Treasurer of the World Scout Committee

= Olivier Dunant =

Olivier P. Dunant, LL.M of Geneva, Switzerland was the appointed treasurer and one of 12 elected volunteer members of the World Scout Committee, the main executive body of the World Organization of the Scout Movement.

In 2016, it was announced that Joseph Lau had been selected to replace Dunant as the appointed treasurer and one of 12 elected volunteer members of the World Scout Committee, the main executive body of the World Organization of the Scout Movement; the WSC approved the appointment to fill that vacancy.

Dunant graduated from the University of Geneva in 1990 and New York University School of Law in 1995. He was admitted to the Swiss Bar in 1992.
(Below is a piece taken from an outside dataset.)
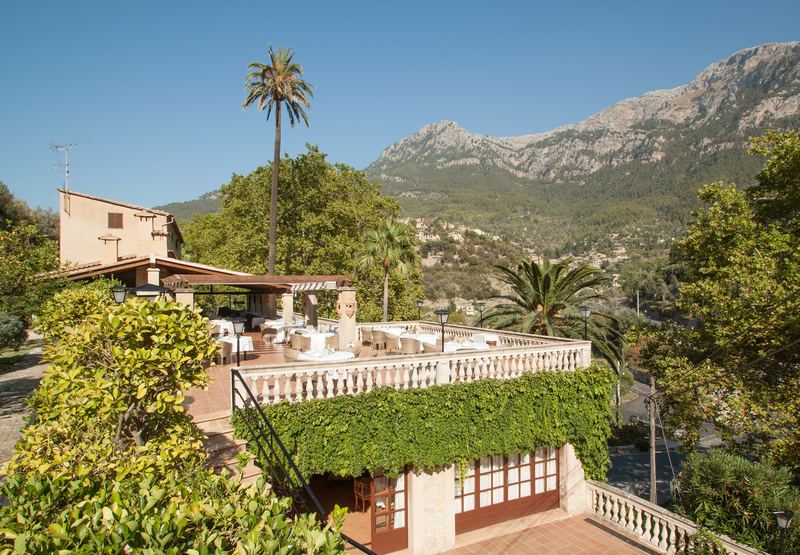 Terraza de Can Quet Deià con vistas a la Sierra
Dunant was partner with Meyerlustenberger Lachenal, head of the legal services department of Ernst & Young in Geneva from 2001 to 2012, as well as law clerk at the Geneva Labor Dispute Court, before joining Eversheds. He specializes in corporate law and corporate governance, forensic work, fraud investigations and audit regulations. He teaches labor and employment law and immigration law at the Fédération des entreprises romandes (FER).

He joined the firm Meier Raetzo Dunant avocats in 2025.

Dunant is a member of the Association genevoise de droit des affaires (AGDA), the Association for Insolvency and Restructuring (Association LP), the Association of Insolvency Practitioners (INSOL Europe) as well as a board member of the Association of International Business Lawyers (AIBL), the Geneva Chamber of Commerce (CCIG) and the Swiss-American Chamber of Commerce (Lake Geneva Chapter). Dunant is chairman of the audit committee of CCI France-Suisse.

Dunant speaks French, English, and German.